During the next two years Lee took whatever part-time jobs she could find, including telemarketing from home. She was remarried by then and her spouse's modest income helped cover living expenses. She resisted dipping into her depleted retirement account.
"I sold my silver, but didn't touch my savings, even when the value fell to $35,000, from $80,000, at one point," she said.
Although she found a new job in 2010 as manager of the customer service department at Holo-Krome, a manufacturer of metal fasteners, with an annual salary of $52,000, it lasted only two years. She was laid off again just as her second marriage ended. Lee could no longer afford to cover the costs of her four-bedroom house, which she purchased for $225,000 at the height of the housing bubble. Her health insurance costs rose to more than $400 a month.
She asked her father for a loan to cover the legal costs for her divorce last year. He sent her a check within days.

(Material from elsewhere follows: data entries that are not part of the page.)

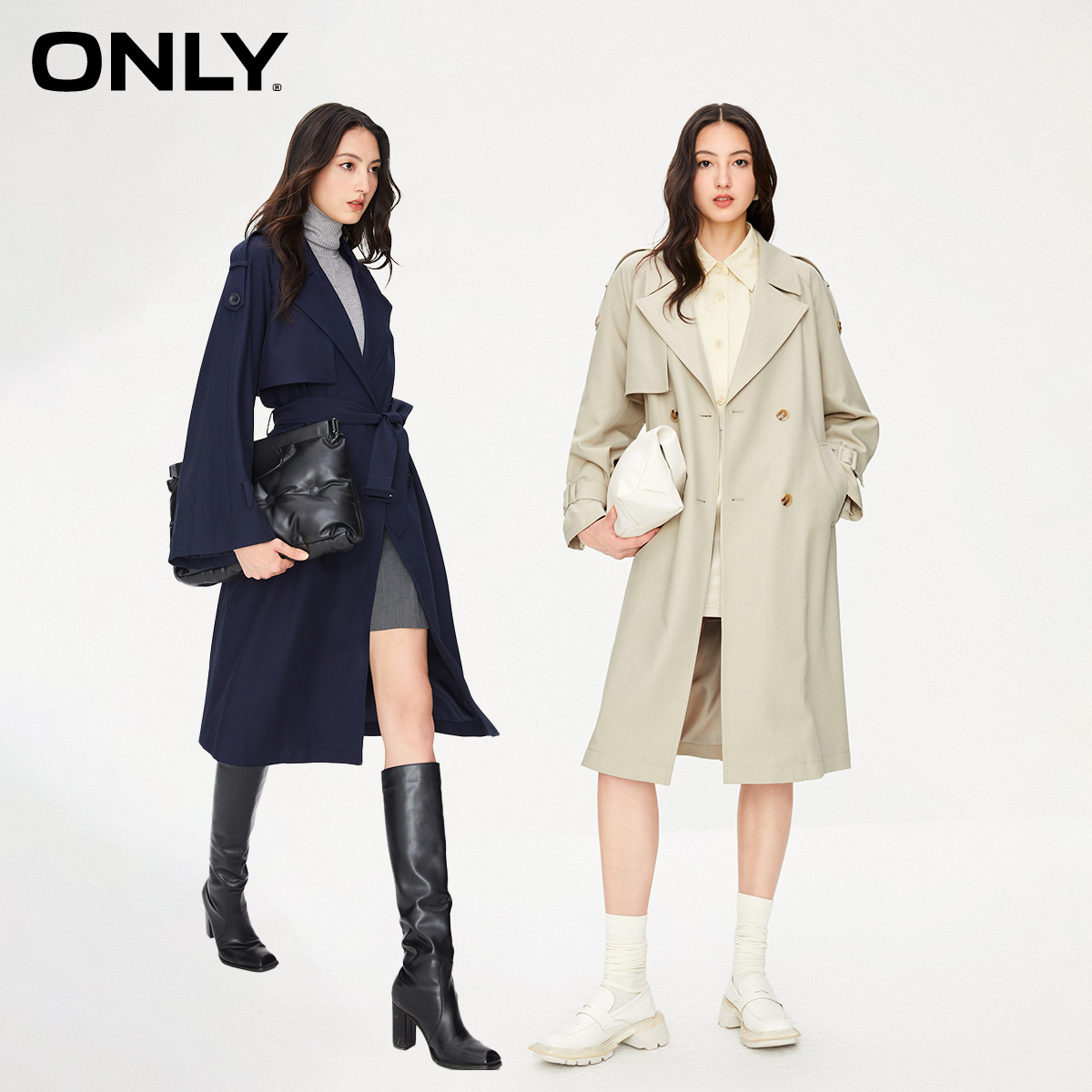 两色可选【ONLY】通勤风时尚长款风衣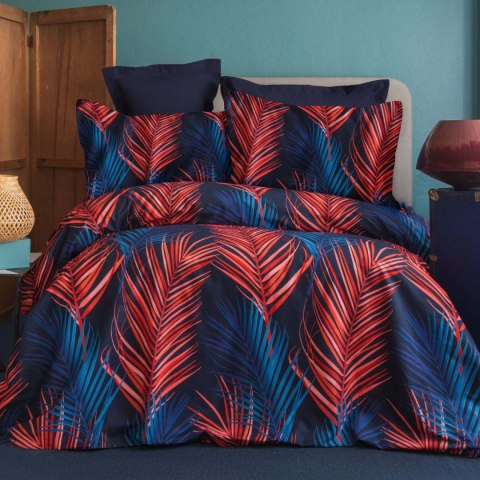 Pościel satynowa 220x200 liście granatowa czerwona 1519/1 Satynlove 5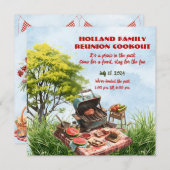 家族懇親会クックアウトザパーク 招待状 (正面/裏面)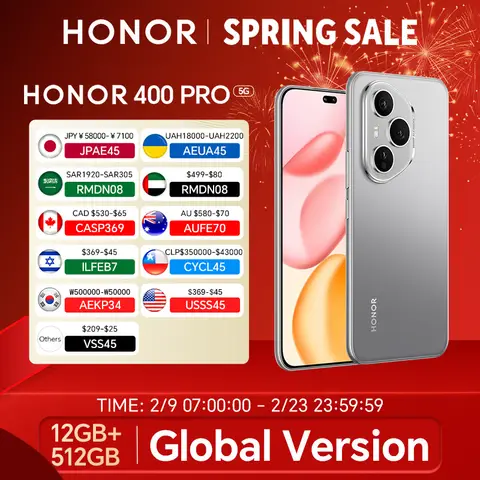 HONOR 400 Pro 5G 12GB+512GB Global Version Smartphone 200MP AI Main Camera 6.7'' AMOLED Screen 6000 mAh 100W Wired 50W Wireless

"She has never complained to me about not having enough money," he said. "But if she needs it, I'll advance it."
Lee, who has repaid the money she borrowed, avoids dwelling on her difficulties during her weekly calls to her dad.
"I know he'll help me if I fall off the ledge, but he taught me to be self-sufficient," she said.
When she told him she'd have to either sell or rent her house in West Hartford, he suggested she move close to his assisted living residence in Sonoma, Calif., where she could rent an apartment for about $1,300 a month.
"That was more than I was earning," said Lee.
Instead, she came up with a plan she thought would help both her and her former real estate partner and friend. Brita Tate, 70, had spent summers at Lee's house while renting her one-bedroom cottage in Wellfleet, Mass., an artsy coastal enclave near the tip of Cape Cod much coveted by summer vacationers.
"I asked, 'How do you feel about me coming to you now?'" said Lee, who offered to pay $400 a month to rent Brita's basement. That would be enough to cover her friend's real estate taxes and other costs so she would no longer need summer renters.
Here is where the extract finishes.